In all, five brownfields projects in Massachusetts – in the cities of Marlborough, Somerville, Holyoke, Northampton, as well as one in Franklin County – received grants today totaling $950,000. They were part of more than $14 million in brownfields grants to assess the contamination of abandoned properties that were given to 80 communities around the nation today.
"These grants will bring much needed momentum to community brownfields programs in Northampton, in Massachusetts, and all across New England," said Robert W. Varney, regional administrator for EPA's New England office. "Dozens of contaminated sites in the region have already been successfully restored through this program. The money we offer to the communities in our region today ensures even more successes down the road."
EPA selected the city of Northampton for a $200,000 Brownfields Assessment Pilot grant to target five sites in the Historic Mill River Corridor, a strip of land that passes through downtown. Target sites include a former felt manufacturing plant with above-ground hazardous substances storage tanks, a former factory facility that may have been a machine shop and is now a residential property and a former coal gasification plant.

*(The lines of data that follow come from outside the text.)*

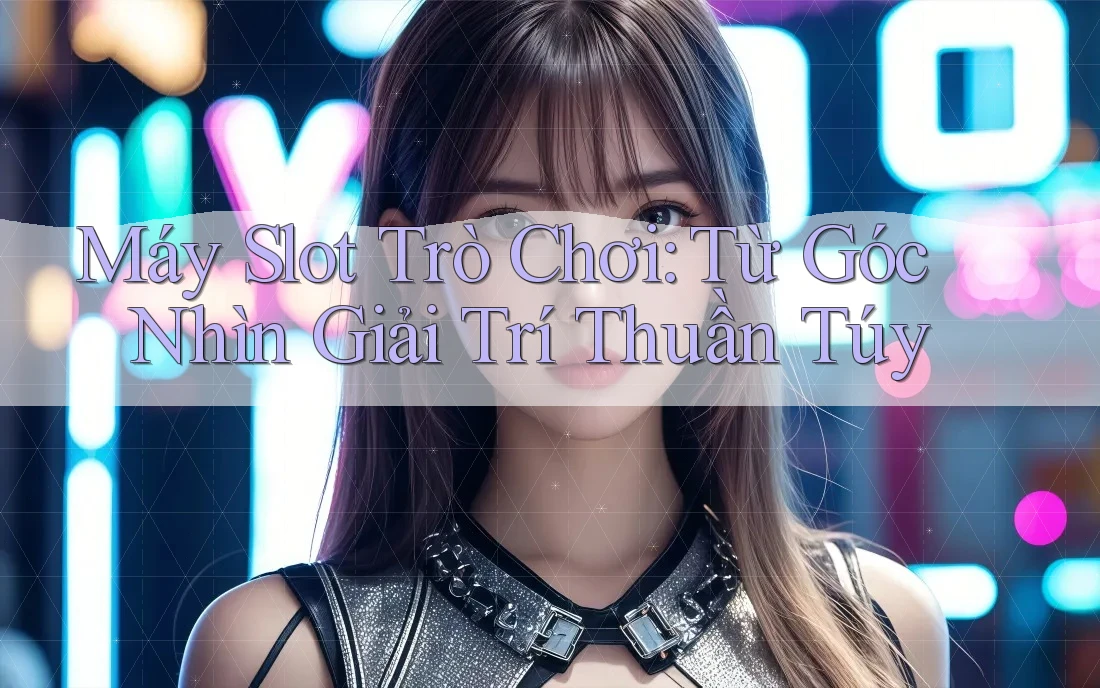 Máy Slot Trò Chơi: Từ Góc Nhìn Giải Trí Thuần Túy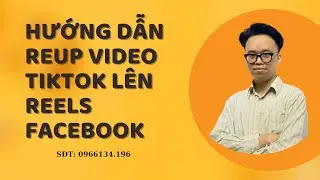 Tool Reup Video Tiktok Lên Reels Facebook Hàng Loạt | Cường Nguyễn MKT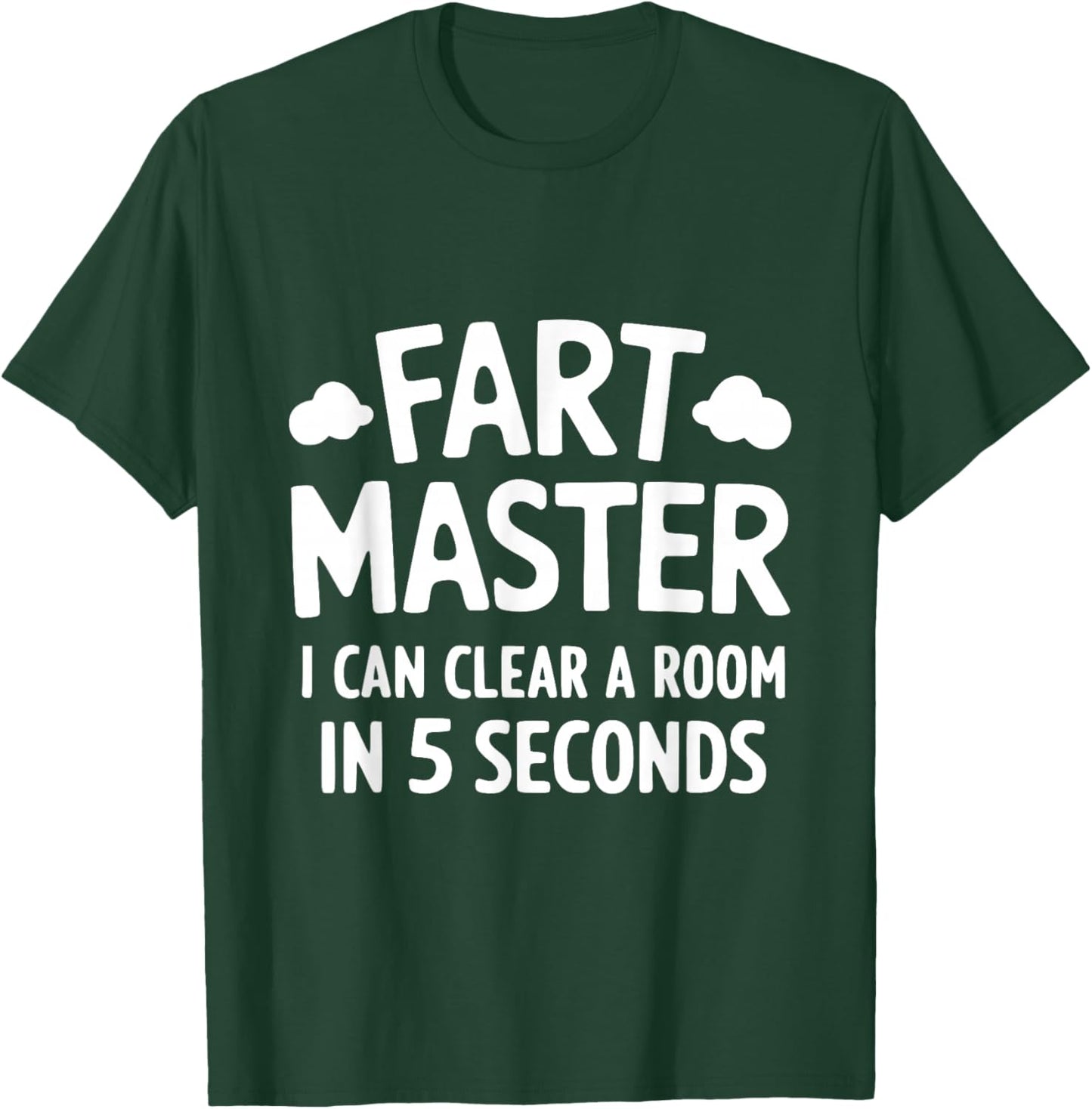 Fart Master, I Can Clear A Room 5 Seconds Funny Fart T-Shirt - T-Shirt | Forest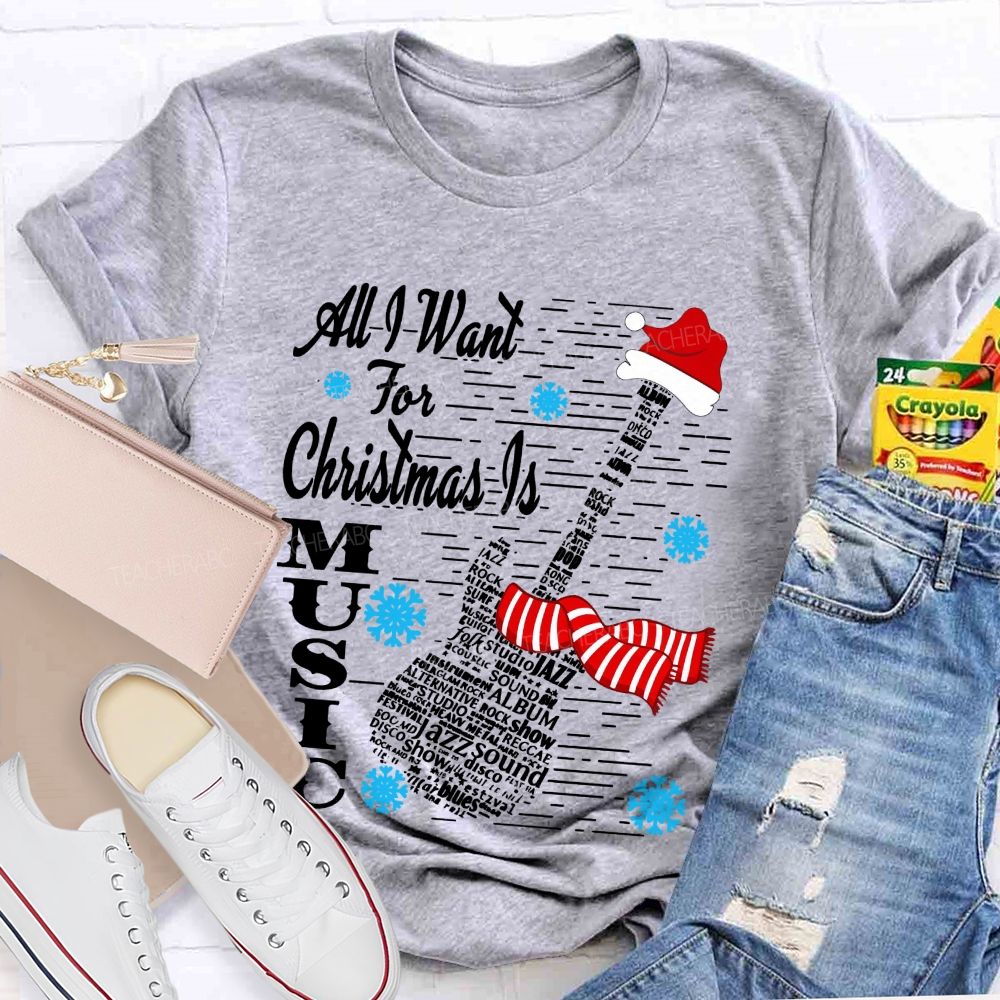 All I Want For Christmas Is Music Christmas Tree Teacher T-shirt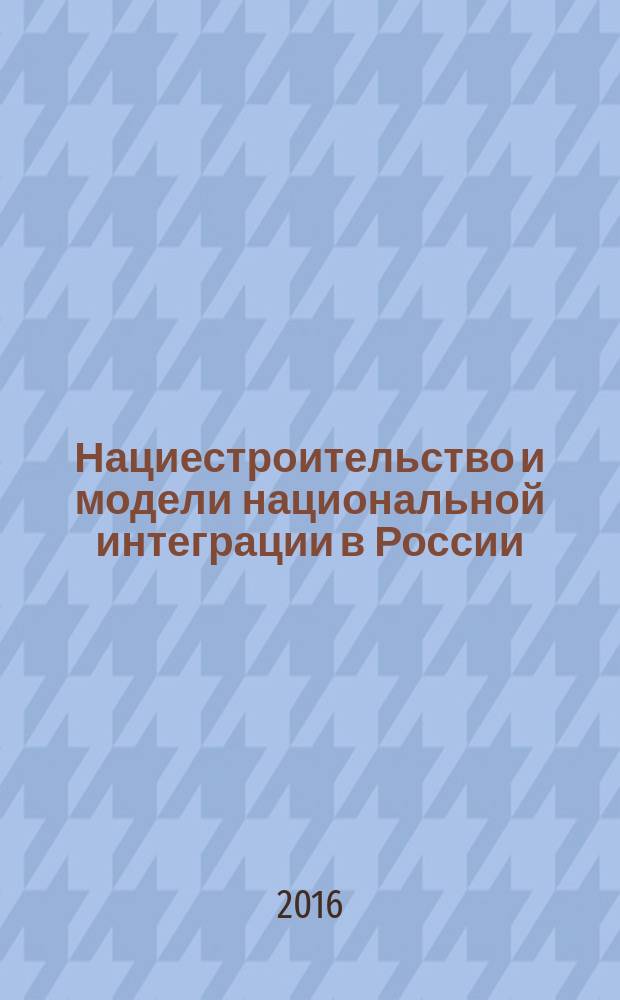 Нациестроительство и модели национальной интеграции в России : материалы всероссийской конференции (г. Ростов-на-Дону, 14 апреля 2016 г.)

"With EPA's brownfields grant, Northampton will conduct an environmental site analysis and related planning for the former Mill River channel. Eventually, we are going to restore this sometimes putrid water channel into a river through the heart of our downtown," said Northampton Mayor Mary Clair Higgins. "Running alongside our planned downtown bikepath, the river will help spark further park, neighborhood and economic revitalization. Although the restoration of the river is years away, the EPA grant – and the Massachusetts Attorney General's grant that we received last year – will allow us to begin with the most challenging parts of our industrial legacy."
Earlier this year, President Bush signed bipartisan legislation that will encourage the cleanup and redevelopment of old industrial properties – cleaning up our environment, creating jobs and protecting small businesses from frivolous lawsuits. In addition, the President's fiscal year 2003 budget request doubled the funds available through the EPA in FY 02 – from $98 million to $200 million – to help states and communities around the country clean up and revitalize brownfields sites.
Under the EPA's Brownfields Assessment Program, communities receive funding to assess contamination at abandoned and vacant sites, and to estimate the costs of cleaning up sites for redevelopment. Communities can also receive funding to establish revolving loan programs allowing them to provide low interest loans to clean up these sites. Once assessed and cleaned, these sites can be put back into productive use by the community.
"Brownfields reclamation is one of the great environmental success stories of the past decade," Whitman said. "But the story is hardly over. EPA and its partners in every state of the union are ready to write the next chapter in the brownfields story. Given the commitment of this Administration, I can guarantee you that story will have a very happy ending."
These grants bring the total amount that EPA has spend on brownfields projects in Massachusetts to date to approximately $25 million.